The best-known of these artists is the American Max Neuhaus, who now lives in Italy. And his best known works are at the DIA:Beacon museum, which, about five minutes before the hour, you start to hear a kind of strange noise, and it builds and it builds, and then at the hour it cuts off suddenly, and the shock of its cutting off is indeed the most thrilling part of the piece. His best-known piece is called “Times Square,” and is in the triangle between Seventh Avenue and Broadway, just south of where they’re now rebuilding the TKTS booth. And from the grate, from below, emerges a kind of steady-state organ chord, it shifts suddenly but it’s constant and, I think, quite beautiful. And it’s supposed to be forever (even though it went into darkness a few years ago for two or three years since somehow the maintenance issues of this piece down in a subway chamber below the street have not been worked out) but now it seems to be permanent.
There are other sound installation artists like Bill Fontana, who had a really interesting piece about fifteen years ago within the arch of the Arc de Triomphe in Paris, or Maryanne Amacher. The best known is Brian Eno, the erstwhile rockstar-cum-avant-garde-artist who, with his “ambient music,” as he calls it, as in the album “Music for Airports,” has created a different kind of installation art meant to calm and focus your attention.
This all recalls the aesthetic of John Cage, who believed that if you just listened hard enough, you could find music in everything, any sounds, including your own heartbeat and functions in an anechoic chamber.

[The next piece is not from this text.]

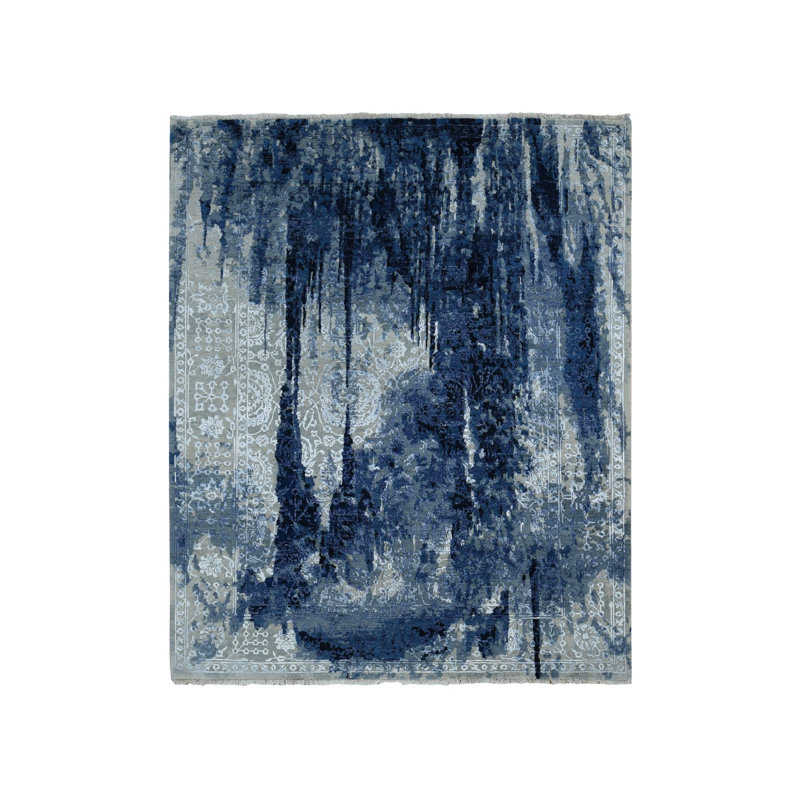 Tapis carré en laine et soie 10 pi x 10 pi Denim Shibori F3685BD4B31B483788CA0B26923C5898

Now, most of this music that has come out is restful and consoling; it’s so subtle that people don’t even notice it. If you stand on Times Square, you watch people walking across this grate, they don’t even know there’s anything there, they just assume it’s part of the city noise. I actually the other day quizzed some people: “Did they hear that?” They didn’t know what I was talking about, until I pointed out what they had heard and then they sort of were puzzled and moved on. And yet, quite apart from commercial applications, I find sound and installations beautiful, subtle, and mysterious, and perhaps a promising future for a different kind of music.